Testing included five SSL replacement lamps (a candelabra lamp, a T8 drop-in replacement, and three MR16 lamps), two downlight products, several desk lamps and undercabinet fixtures, and a number of diverse outdoor luminaires.
The report says that a wide performance range was measured, from a wide range of product types, and care should be taken to generalize.

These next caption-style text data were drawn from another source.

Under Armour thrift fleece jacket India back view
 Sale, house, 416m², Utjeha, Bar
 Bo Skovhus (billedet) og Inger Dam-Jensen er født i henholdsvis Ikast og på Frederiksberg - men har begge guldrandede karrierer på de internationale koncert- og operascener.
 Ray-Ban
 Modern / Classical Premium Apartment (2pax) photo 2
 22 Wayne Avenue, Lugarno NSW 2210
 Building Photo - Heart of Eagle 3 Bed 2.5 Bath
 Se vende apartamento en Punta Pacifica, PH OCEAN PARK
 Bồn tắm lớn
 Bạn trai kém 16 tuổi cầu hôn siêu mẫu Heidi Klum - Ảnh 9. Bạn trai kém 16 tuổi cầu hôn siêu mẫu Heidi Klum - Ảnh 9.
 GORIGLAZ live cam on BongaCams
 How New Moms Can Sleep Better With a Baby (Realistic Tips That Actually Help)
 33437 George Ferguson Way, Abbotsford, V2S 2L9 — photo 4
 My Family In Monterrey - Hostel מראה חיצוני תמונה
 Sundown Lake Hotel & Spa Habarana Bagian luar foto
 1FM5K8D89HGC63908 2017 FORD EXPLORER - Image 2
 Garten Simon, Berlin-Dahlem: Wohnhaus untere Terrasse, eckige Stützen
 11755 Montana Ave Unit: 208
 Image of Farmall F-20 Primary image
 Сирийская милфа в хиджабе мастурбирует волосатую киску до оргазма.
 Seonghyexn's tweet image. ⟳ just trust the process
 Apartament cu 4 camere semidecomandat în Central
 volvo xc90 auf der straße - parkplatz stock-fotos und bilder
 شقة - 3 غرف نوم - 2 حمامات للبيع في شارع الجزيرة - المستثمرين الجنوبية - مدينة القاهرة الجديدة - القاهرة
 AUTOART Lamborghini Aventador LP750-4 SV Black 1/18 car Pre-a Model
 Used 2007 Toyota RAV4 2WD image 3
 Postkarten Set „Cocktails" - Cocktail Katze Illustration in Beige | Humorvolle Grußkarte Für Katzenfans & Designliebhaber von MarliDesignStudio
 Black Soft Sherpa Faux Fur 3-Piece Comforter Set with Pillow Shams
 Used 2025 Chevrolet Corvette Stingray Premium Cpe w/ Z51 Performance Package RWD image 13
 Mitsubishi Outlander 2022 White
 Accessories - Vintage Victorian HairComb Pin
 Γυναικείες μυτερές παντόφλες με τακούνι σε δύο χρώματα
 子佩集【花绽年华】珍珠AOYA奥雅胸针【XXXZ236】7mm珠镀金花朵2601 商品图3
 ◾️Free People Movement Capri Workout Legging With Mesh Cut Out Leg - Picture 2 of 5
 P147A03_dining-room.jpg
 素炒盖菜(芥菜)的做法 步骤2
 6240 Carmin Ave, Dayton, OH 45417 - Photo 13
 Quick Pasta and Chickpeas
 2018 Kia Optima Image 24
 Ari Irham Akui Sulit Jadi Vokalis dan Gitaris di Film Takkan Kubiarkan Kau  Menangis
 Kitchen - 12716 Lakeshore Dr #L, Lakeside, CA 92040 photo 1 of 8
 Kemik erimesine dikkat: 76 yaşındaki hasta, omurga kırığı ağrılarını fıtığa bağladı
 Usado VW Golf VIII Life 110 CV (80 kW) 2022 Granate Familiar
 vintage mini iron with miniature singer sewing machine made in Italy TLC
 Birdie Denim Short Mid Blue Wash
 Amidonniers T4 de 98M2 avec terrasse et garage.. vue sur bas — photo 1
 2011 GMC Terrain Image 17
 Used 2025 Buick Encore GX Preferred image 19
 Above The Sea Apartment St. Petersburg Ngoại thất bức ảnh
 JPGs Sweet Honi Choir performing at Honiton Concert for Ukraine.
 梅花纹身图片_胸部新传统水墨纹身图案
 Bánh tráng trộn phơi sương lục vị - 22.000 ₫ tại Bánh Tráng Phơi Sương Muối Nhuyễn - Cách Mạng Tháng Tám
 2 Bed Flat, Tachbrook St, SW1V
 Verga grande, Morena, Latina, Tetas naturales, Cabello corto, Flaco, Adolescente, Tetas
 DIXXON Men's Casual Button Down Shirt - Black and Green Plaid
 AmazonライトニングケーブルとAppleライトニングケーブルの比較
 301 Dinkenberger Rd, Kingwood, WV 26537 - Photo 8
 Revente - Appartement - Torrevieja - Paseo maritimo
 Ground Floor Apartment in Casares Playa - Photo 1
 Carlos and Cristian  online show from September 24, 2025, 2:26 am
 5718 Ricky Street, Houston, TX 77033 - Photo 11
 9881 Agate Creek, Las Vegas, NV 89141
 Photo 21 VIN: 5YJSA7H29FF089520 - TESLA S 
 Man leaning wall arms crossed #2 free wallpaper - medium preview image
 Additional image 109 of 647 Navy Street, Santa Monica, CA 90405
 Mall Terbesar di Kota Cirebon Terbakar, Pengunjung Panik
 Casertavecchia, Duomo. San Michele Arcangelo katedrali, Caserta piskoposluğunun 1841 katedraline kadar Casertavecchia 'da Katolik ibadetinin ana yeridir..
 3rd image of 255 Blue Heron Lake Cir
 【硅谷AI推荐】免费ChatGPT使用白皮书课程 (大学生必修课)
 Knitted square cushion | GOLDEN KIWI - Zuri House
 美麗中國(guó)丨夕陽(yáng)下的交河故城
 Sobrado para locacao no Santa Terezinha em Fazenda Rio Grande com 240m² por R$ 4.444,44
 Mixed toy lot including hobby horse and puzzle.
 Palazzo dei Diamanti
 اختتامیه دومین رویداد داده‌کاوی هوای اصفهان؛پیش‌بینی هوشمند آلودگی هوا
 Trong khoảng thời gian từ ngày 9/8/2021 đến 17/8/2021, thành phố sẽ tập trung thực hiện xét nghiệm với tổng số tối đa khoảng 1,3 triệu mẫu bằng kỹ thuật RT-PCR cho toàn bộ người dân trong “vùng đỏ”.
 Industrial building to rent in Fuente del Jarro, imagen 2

While none of the products tested would pass Energy Star requirements for solid-state lighting, some offer very positive qualities.
However, as in earlier rounds, the greatest concern revealed by this testing was the inaccuracy of performance data presented in manufacturer product literature. "The continued practice of providing incorrect qualitative comparisons to other light sources and inappropriate quantitative performance values in manufacturer literature may mislead consumers and damage SSL market potential in the long-run," said the report.
The MR16 and candelabra lamps that were tested may fill needs in market niches (for example, for low wattage devices in decorative applications), but cannot serve as direct replacements for 20W halogen or incandescent products as claimed in marketing publications because their output levels are too low.
The three desk lamps all had higher efficacies than the halogen benchmark desk lamp that was tested in Round 2, although none of them come close to competing with the CFL Energy Star desk lamp in Round 4. Encouragingly, for the first time, one SSL desk lamp was found to have a zero off-state power draw.
Since at this stage the reliability of SSL products is still largely theoretical, claims of consistent color maintenance in luminaires and 50,000-hour lifetimes (or more) are at this point only speculative.
Purchasing decisions where the expected life of an SSL product is an important factor should consider product guarantees, knowledge about which LED devices are used in a product, the reputation of the manufacturer of the LED devices used in the luminaire, and the reputation of luminaire manufacturer.